### THE DATA
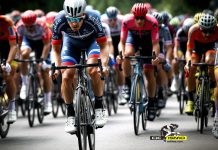 Eventos ciclistas 2024: Lo que no te puedes perder.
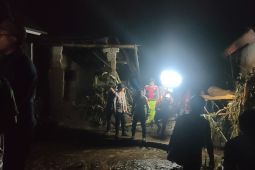Satu tewas dan tiga orang hilang akibat banjir bandang di Banjar Buleleng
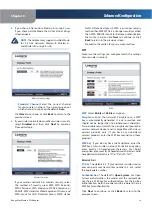 Preview for 22 page of Cisco Linksys WMP110 User Manual
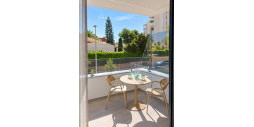 Nueva construcción  - Apartamento / piso - Torrevieja - Torrevieja Centro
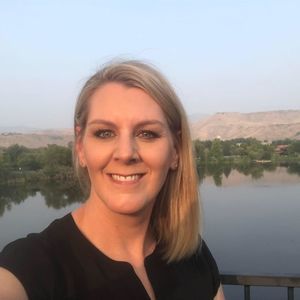 Meet your Posher, Robin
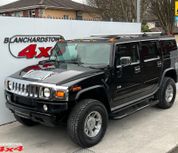 Hummer H2 2004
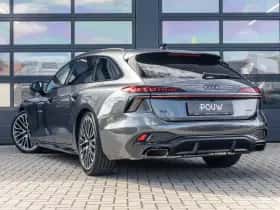 Audi A6 (2026) thumbnail 11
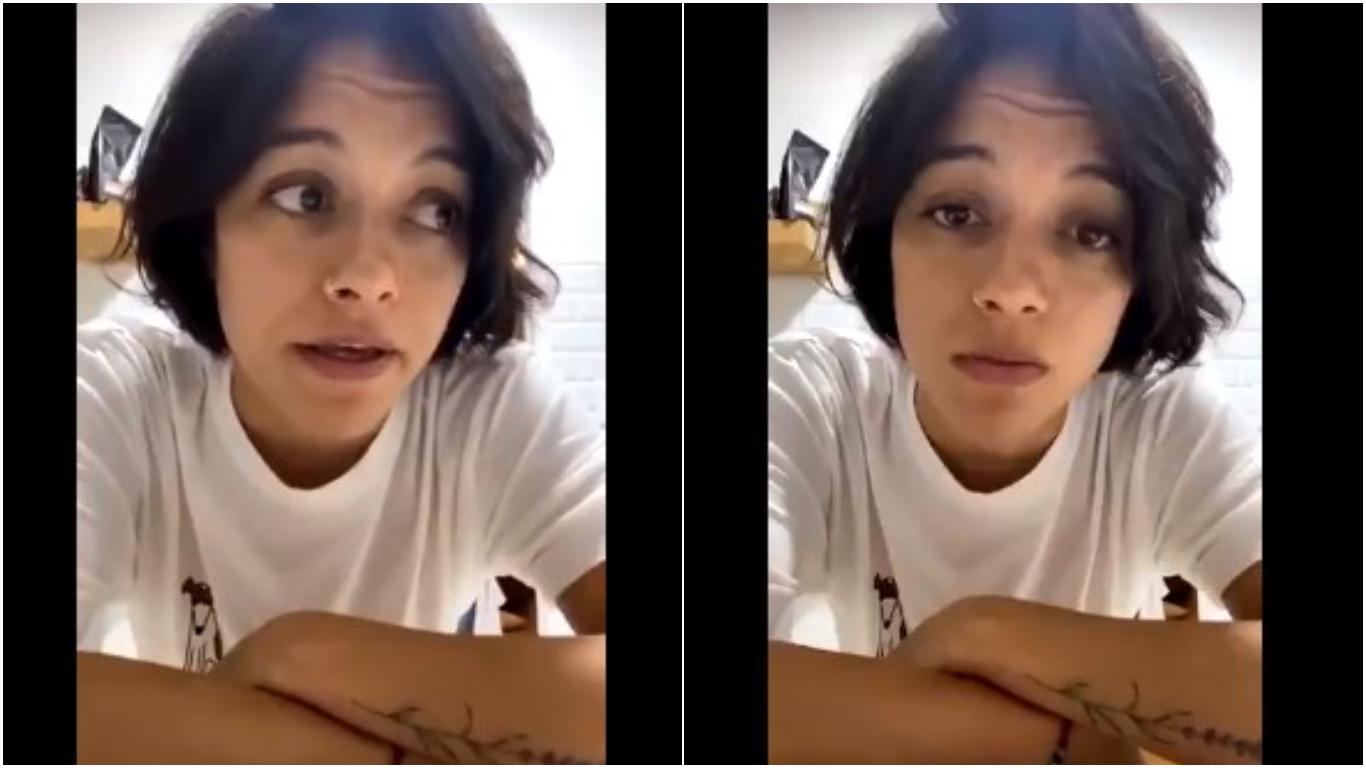 Foto: Instagram Jely Reátegui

### EXERCISE DESCRIPTION
Could you reproduce exactly the lines from the first line of the listing through the line containing "Meet your Posher, Robin", both included, with pictures left out?

### SOLVED EXERCISE
 Eventos ciclistas 2024: Lo que no te puedes perder.
Satu tewas dan tiga orang hilang akibat banjir bandang di Banjar Buleleng
 Preview for 22 page of Cisco Linksys WMP110 User Manual
 Nueva construcción  - Apartamento / piso - Torrevieja - Torrevieja Centro
 Meet your Posher, Robin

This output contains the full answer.